_Brief_
Look through the entries below and extract exactly the lines from the one containing "Telangana Jobs: తెలంగాణలో" through the one containing "Poster for The Responder", ends included.

_Supplied records_
-.-.-

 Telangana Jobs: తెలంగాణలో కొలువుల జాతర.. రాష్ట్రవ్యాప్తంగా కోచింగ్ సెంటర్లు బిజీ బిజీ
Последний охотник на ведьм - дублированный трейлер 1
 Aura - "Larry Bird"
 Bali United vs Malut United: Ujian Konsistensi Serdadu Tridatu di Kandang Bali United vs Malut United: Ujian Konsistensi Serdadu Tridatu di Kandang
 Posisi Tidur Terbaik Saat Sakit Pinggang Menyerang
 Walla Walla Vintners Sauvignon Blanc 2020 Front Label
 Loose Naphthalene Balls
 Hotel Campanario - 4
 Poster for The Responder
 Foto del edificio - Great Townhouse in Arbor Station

-.-.-

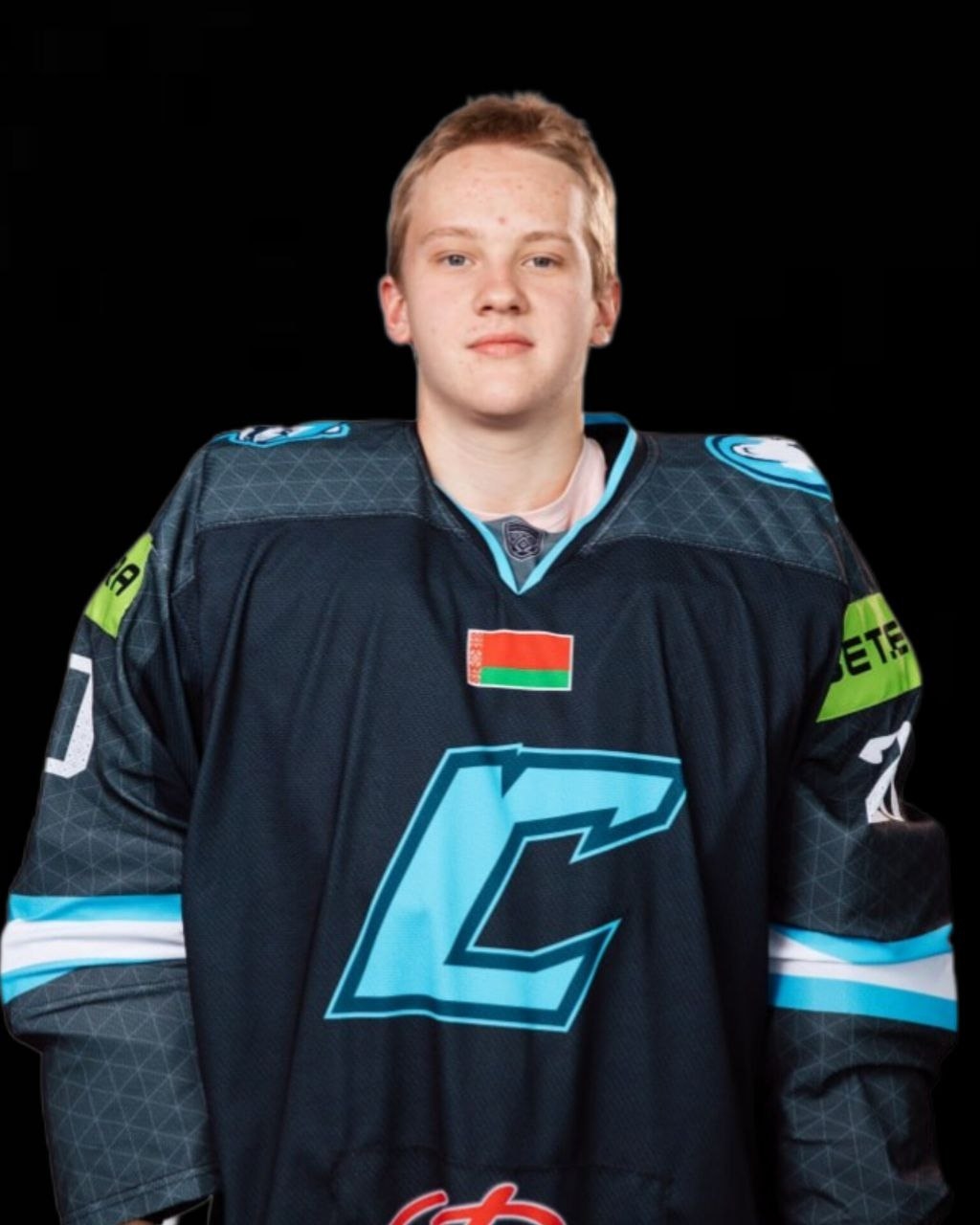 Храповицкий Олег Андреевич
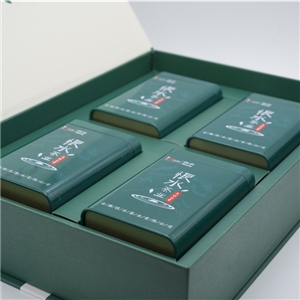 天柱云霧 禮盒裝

-.-.-

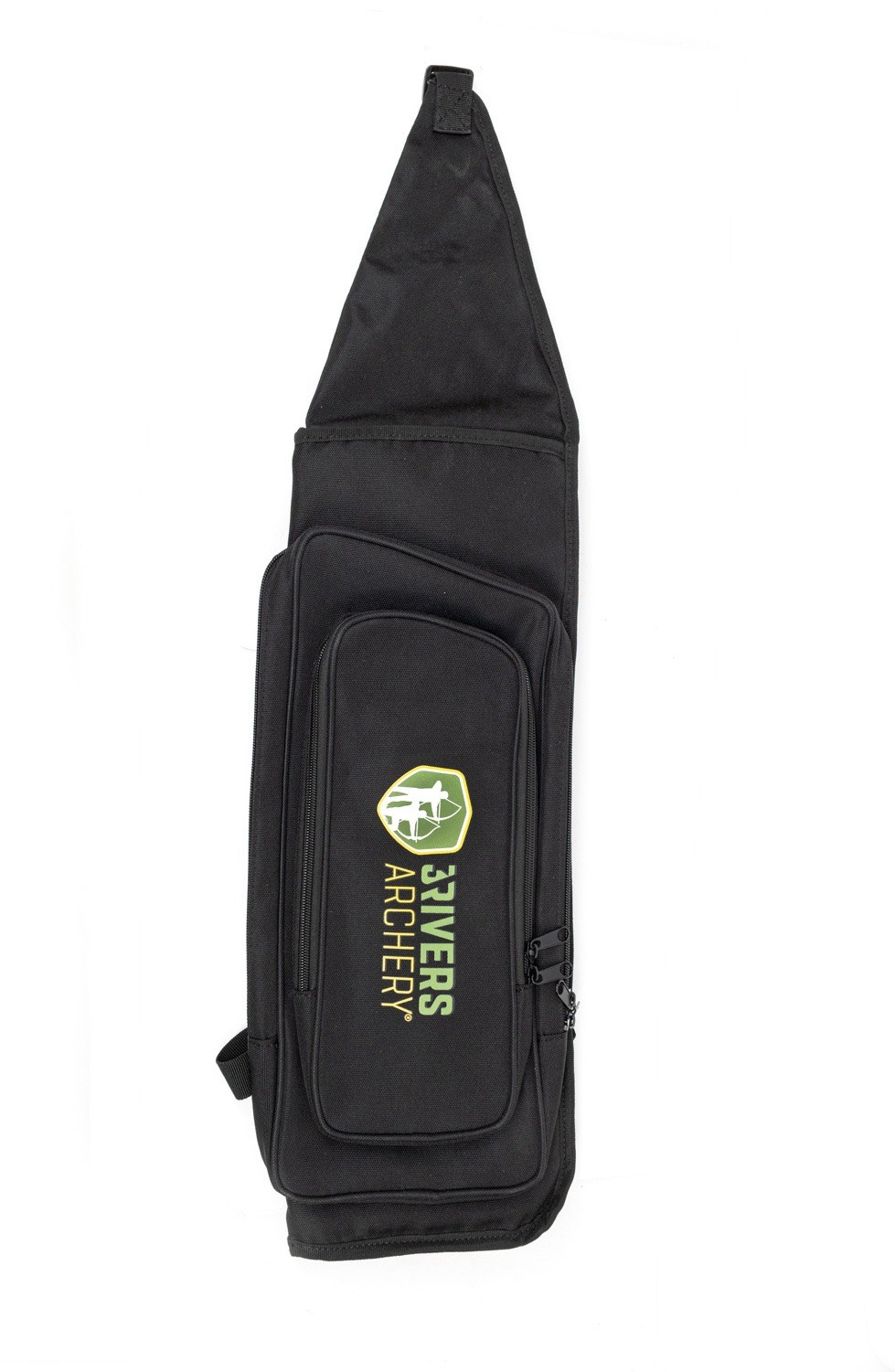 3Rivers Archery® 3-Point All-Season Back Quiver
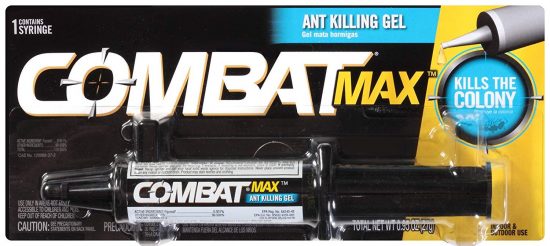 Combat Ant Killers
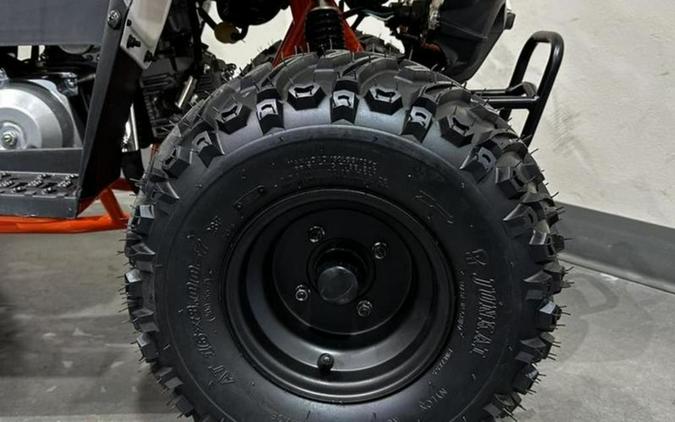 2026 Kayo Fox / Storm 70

-.-.-

_Result for this task_
 Telangana Jobs: తెలంగాణలో కొలువుల జాతర.. రాష్ట్రవ్యాప్తంగా కోచింగ్ సెంటర్లు బిజీ బిజీ
Последний охотник на ведьм - дублированный трейлер 1
 Aura - "Larry Bird"
 Bali United vs Malut United: Ujian Konsistensi Serdadu Tridatu di Kandang Bali United vs Malut United: Ujian Konsistensi Serdadu Tridatu di Kandang
 Posisi Tidur Terbaik Saat Sakit Pinggang Menyerang
 Walla Walla Vintners Sauvignon Blanc 2020 Front Label
 Loose Naphthalene Balls
 Hotel Campanario - 4
 Poster for The Responder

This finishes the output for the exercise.